I grew up in Oregon and learned not everything is black and white. Now I live in the jungles of Costa Rica where the shades of gray cover the full spectrum. I shoot my mouth off on my blog, social media sites, and sometimes I get published. You can find my blog here: https://scmorgancom.wordpress.com/

2 thoughts on “Cédula Renewal Wars”

  1. Our branch of BCR at Puriscal told us that as soon as we had residency we must come in and change our accounts to ones which featured our cedulas….and, as you say, what a performance!
    We had to have an accountant certify our income from the U.K……fascinating as he had no English so had to take our word for what was what on our U.K. bank statement…and expensive as it cost the equivalent of 70 U.S. dollars.
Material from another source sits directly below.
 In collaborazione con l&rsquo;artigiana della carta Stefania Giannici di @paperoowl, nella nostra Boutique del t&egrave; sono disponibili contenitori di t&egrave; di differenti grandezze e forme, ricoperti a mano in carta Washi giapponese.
    Our ICE bill was still in the name of the previous owner…no problem there as the clerk knew the house from scrumping jocote there when a child.
    The cards were ready in days, however…and all was well until last month when we wanted to bring a few thousand dollars into Costa Rica from an account in Luxembourg.
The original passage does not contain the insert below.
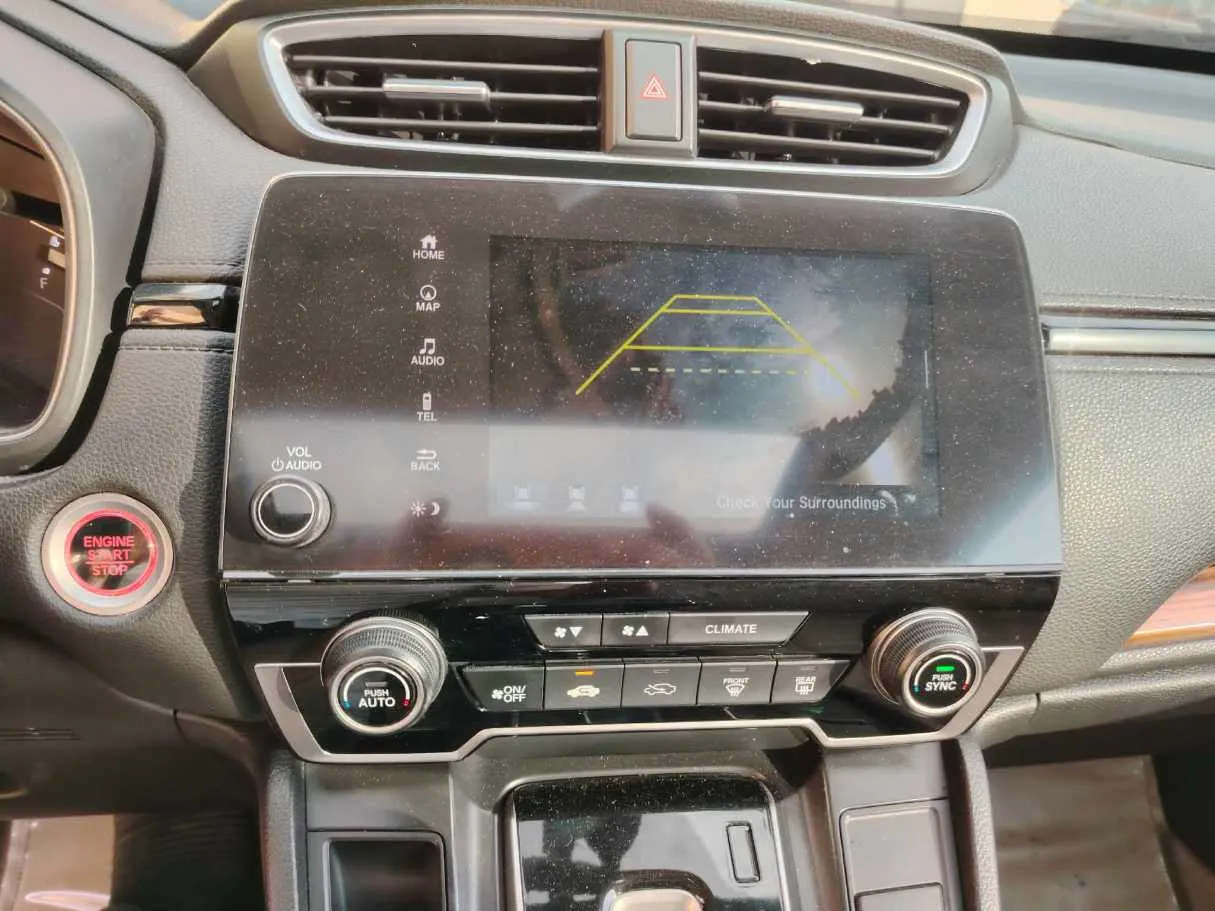 Car image 28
    They needed proof of the origin of the money.
    Difficult as it had been sitting there for years….
    We found an old deed of sale of a house in France and brought it in, making sure, like you, that we dealt with the same clerk.
    Fine, he had done three years of French so could work out what it was all about and took it to his boss who pointed out that it was old.
    Our clerk got round that one.
    So are the clients.
    It was passed.
    Much clicking on the computer mouse followed as he tracked down our money to San Jose and promised it would be in our account in the morning.
    It was.
    What was all this in aid of, we asked.
    Mad American government he replied. They want to stop Americans tax dodging and inconvenience everyone else in the process….and why the Costa Rican government had to act like a lapdog and go along with it was beyond him….why not just apply it to Americans….as it was everybody was stuck with it.
    Except politicians he added. He couldn’t see them going through all this.
    As you say, we’re all in this together, locals and immigrants alike….


    1. ACK. I know, it’s terrible, isn’t it? Two years ago, in order to comply with the Obama admin’s call to report all to the IRS, we had to RE-file all our tax returns that included our Costa Rican Society Anonymous–that meant all returns back to 1992. It cost us $1500 in tax preparer’s fees and I kept thinking, WE are not the ones who you are looking for. THOSE would be the multi-national corporations who are wooing the US Congress and getting away scot-free. I’d also like to point out that none of this is halting money laundering in CR. That seems to go on un-impinged. In any event, we got ‘er gone yesterday. Once the bank papers were in order, getting through BCR and immigration was a fifteen minute transaction. Our cédulas should be in our local post office by the middle of next month.